**Exercise details:**
Omit every picture. Return all other data as it stands.
[Data excerpts Boundary: Start]
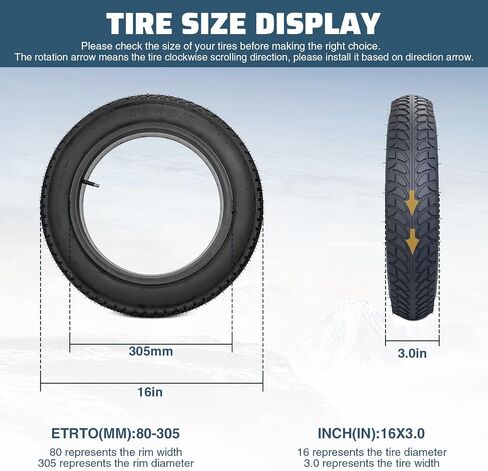 MEGHNA Fat Bike Tire 16 inch Electric Bike Tire Fat Tire 16 x 3.0 inch Heavy Duty Knooby Anti-Slip Foldable Replacement All Terrain Tire for Kids Bike E-Bike in Kuwait
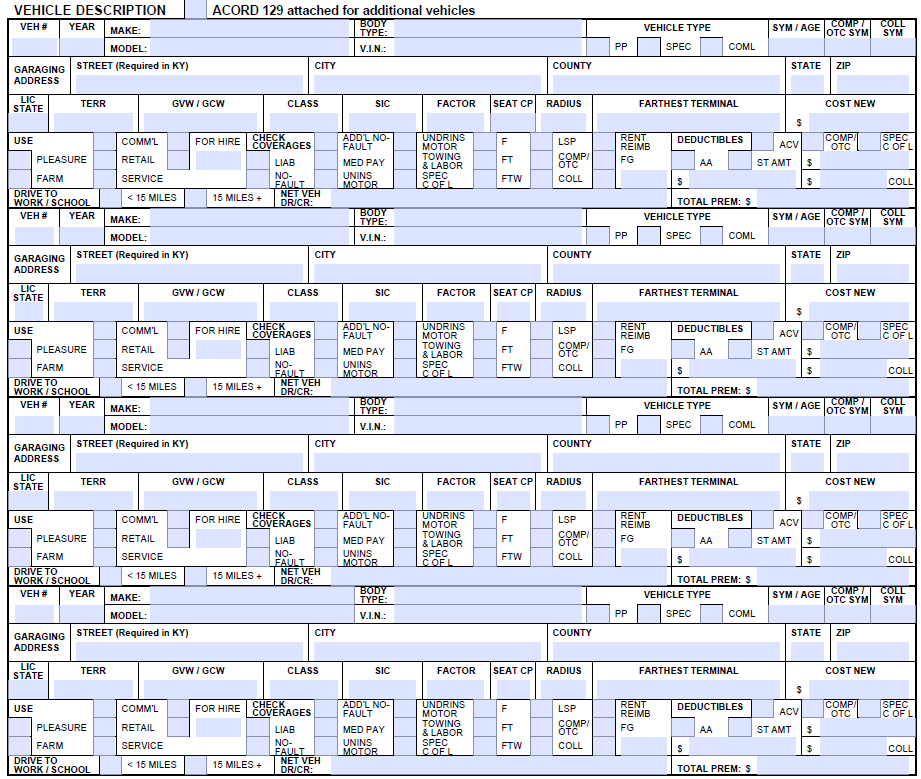 Acord 127 Vehicle Description
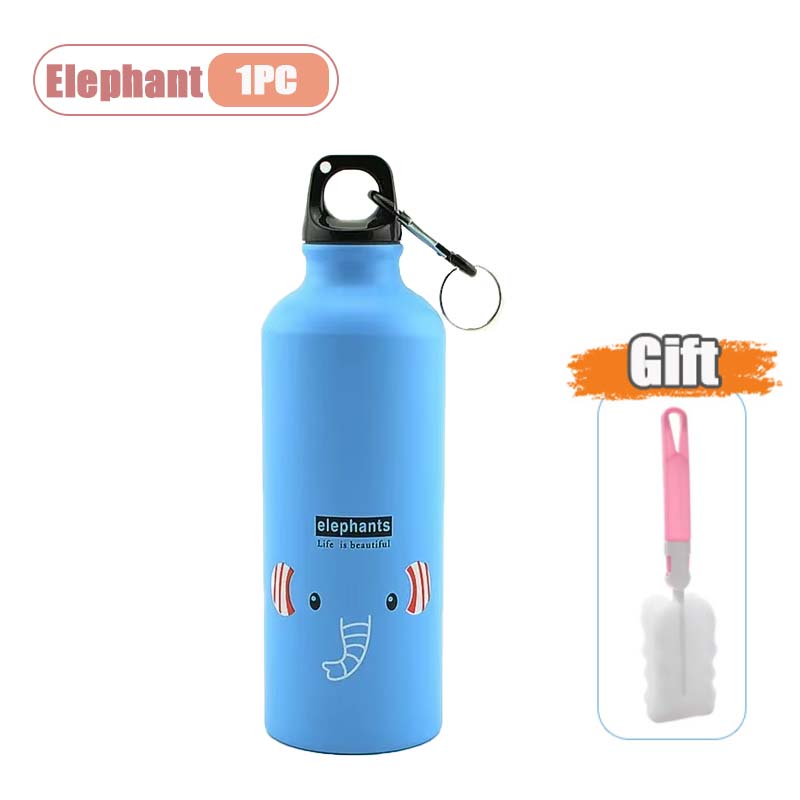 500ML Cartoon Aluminium Wasserflasche Niedlicher Tierdruck Edelstahl Wasserflasche mit Deckel Isolierter Becher Kaffeetasse
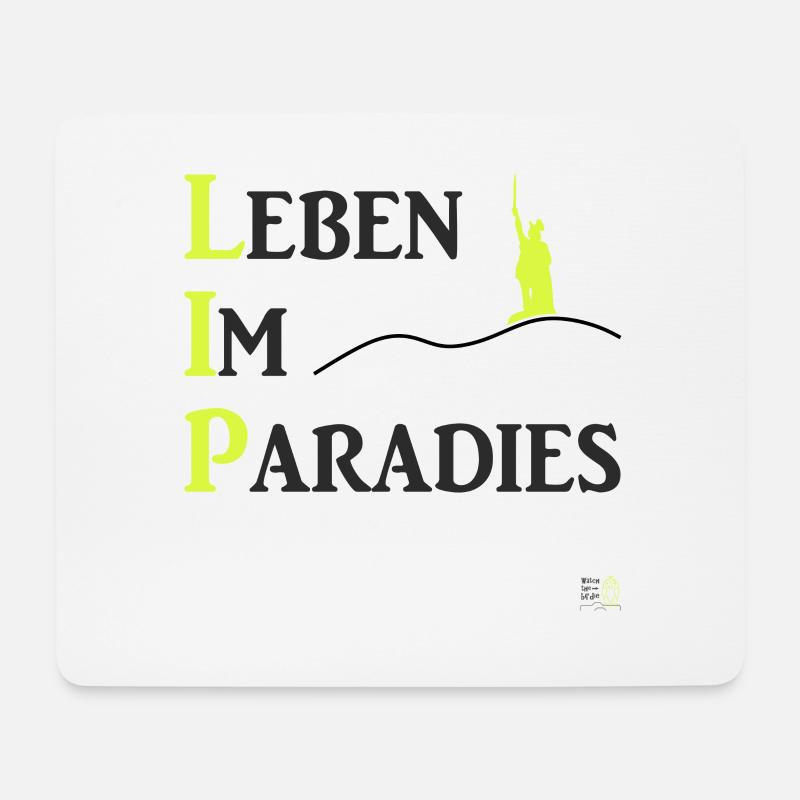 LIP Leben im Paradies, Kreis Lippe Hermannsdenkmal - Mousepad (Querformat) - Weiß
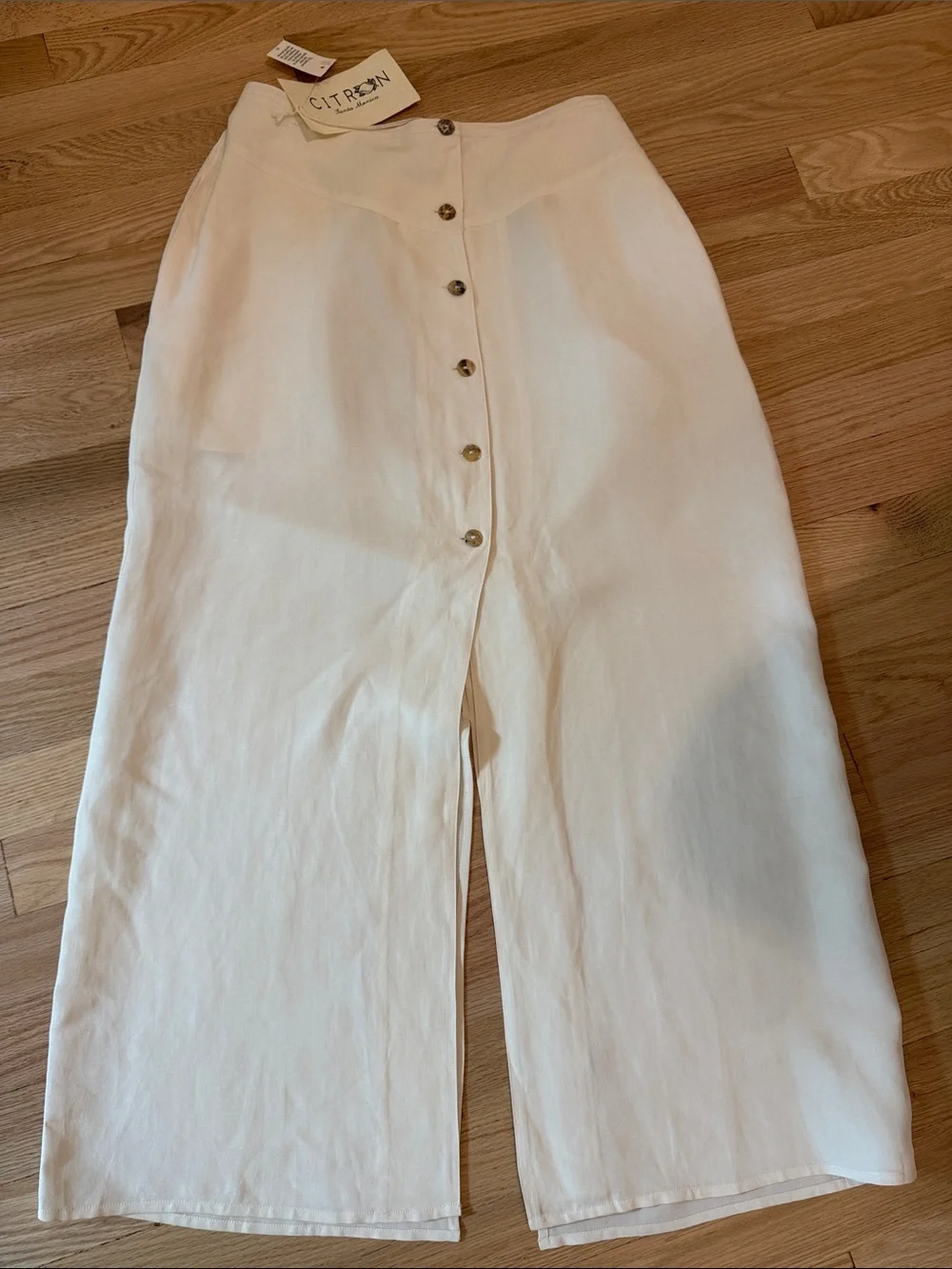 Citron Santa Monica Button-Front Maxi Silk Linen Skirt - Picture 1 of 13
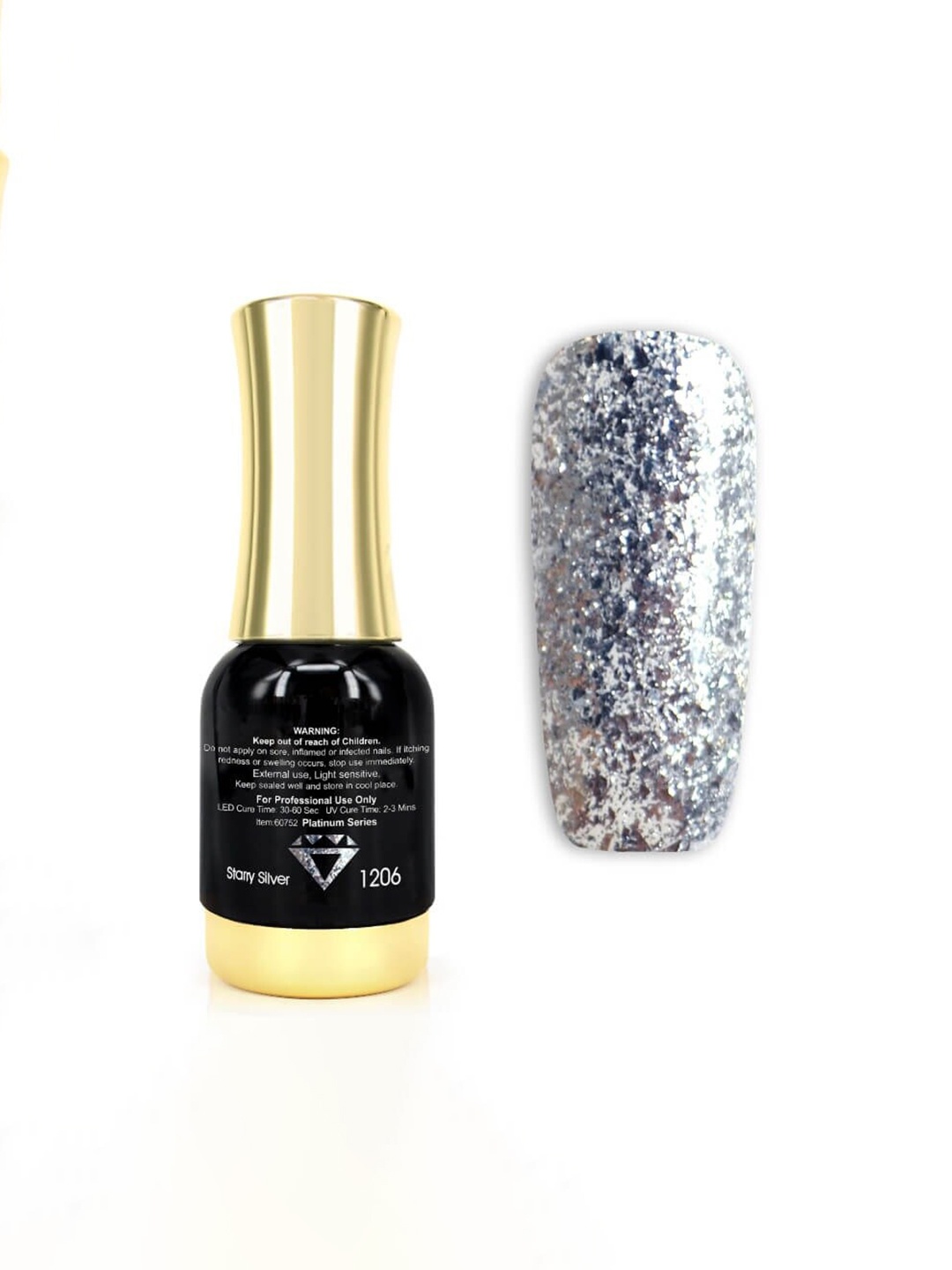 VENALISA Coat Color UV & LED Soak-Off Gel Nail Polish 12 ml - Starry Silver Glitter 1206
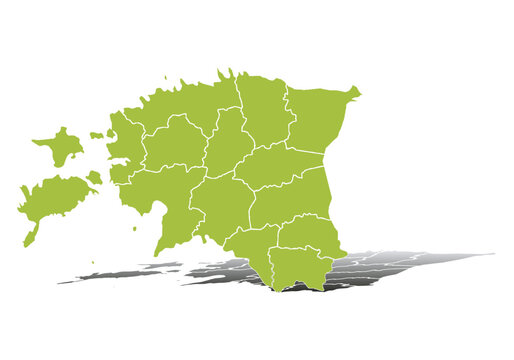 Mapa verde de Estonia en fondo blanco.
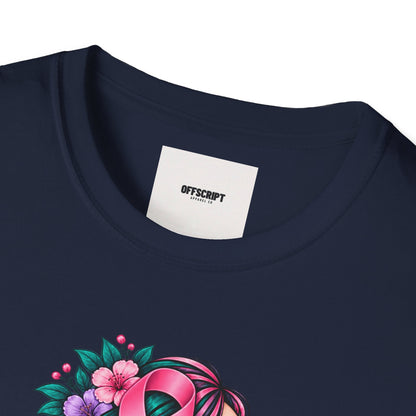 Women's Cancer Awareness T-Shirt — Pink Ribbon Floral Support Tee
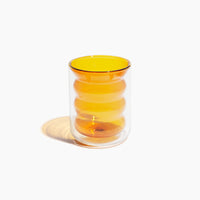 The Amber Double Wall Groovy Cup on a white background. 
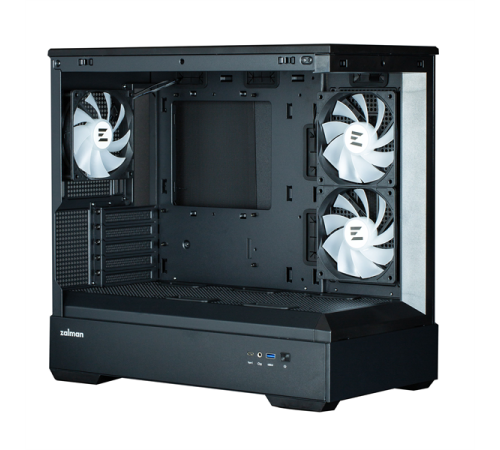 Корпус ZALMAN P30, MATX, BLACK, WINDOW, 2x3.5", 3x2.5", 1xUSB TYPE-C, 1xUSB3.0, SIDE 2x120mm ARGB, REAR 1x120mm ARGB (P30 Black)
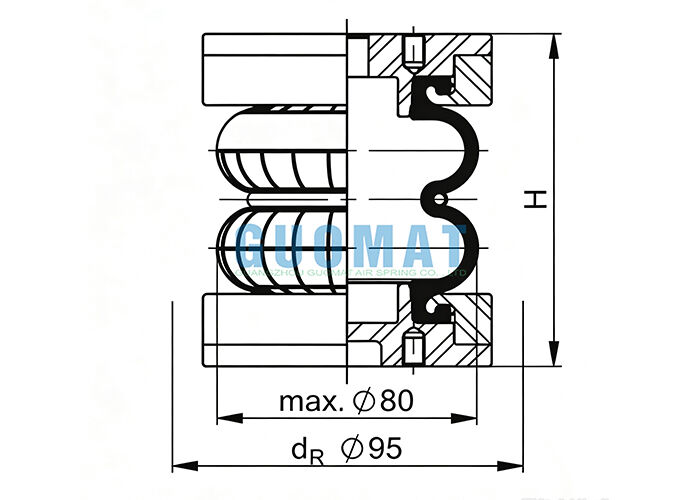 Пневморессора Contitech FD 22-4 DI CR Industrial Rubber EB-80-45, сильфонный цилиндр FESTO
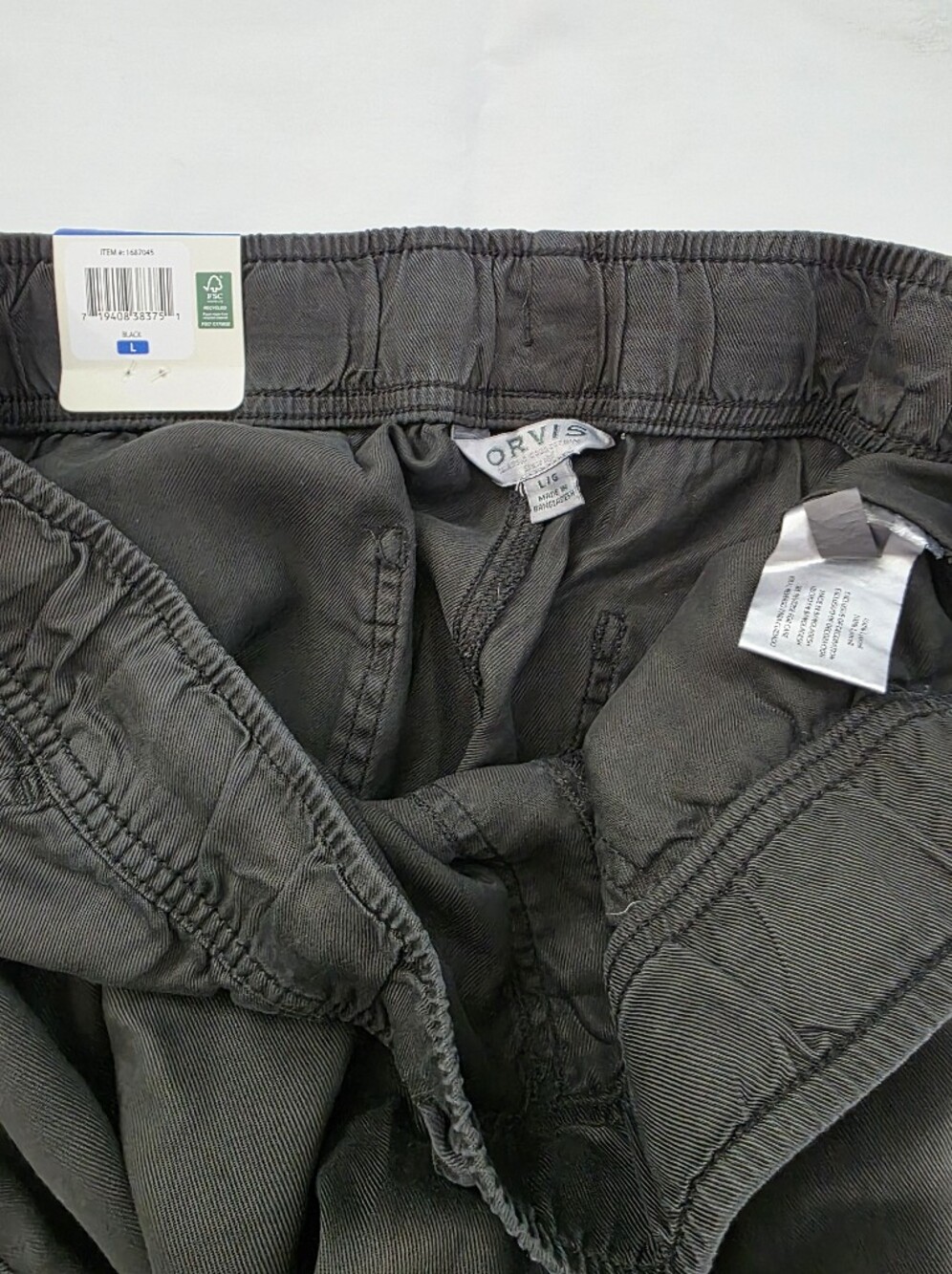 Orvis Black Drawstring Jogger Pants - Picture 3 of 3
[Data excerpts Boundary: End]
**Response box:**
 MEGHNA Fat Bike Tire 16 inch Electric Bike Tire Fat Tire 16 x 3.0 inch Heavy Duty Knooby Anti-Slip Foldable Replacement All Terrain Tire for Kids Bike E-Bike in Kuwait
 Acord 127 Vehicle Description
 500ML Cartoon Aluminium Wasserflasche Niedlicher Tierdruck Edelstahl Wasserflasche mit Deckel Isolierter Becher Kaffeetasse
 LIP Leben im Paradies, Kreis Lippe Hermannsdenkmal - Mousepad (Querformat) - Weiß
 Citron Santa Monica Button-Front Maxi Silk Linen Skirt - Picture 1 of 13
 VENALISA Coat Color UV & LED Soak-Off Gel Nail Polish 12 ml - Starry Silver Glitter 1206
 Mapa verde de Estonia en fondo blanco.
 Women's Cancer Awareness T-Shirt — Pink Ribbon Floral Support Tee
 The Amber Double Wall Groovy Cup on a white background. 
 Корпус ZALMAN P30, MATX, BLACK, WINDOW, 2x3.5", 3x2.5", 1xUSB TYPE-C, 1xUSB3.0, SIDE 2x120mm ARGB, REAR 1x120mm ARGB (P30 Black)
 Пневморессора Contitech FD 22-4 DI CR Industrial Rubber EB-80-45, сильфонный цилиндр FESTO
 Orvis Black Drawstring Jogger Pants - Picture 3 of 3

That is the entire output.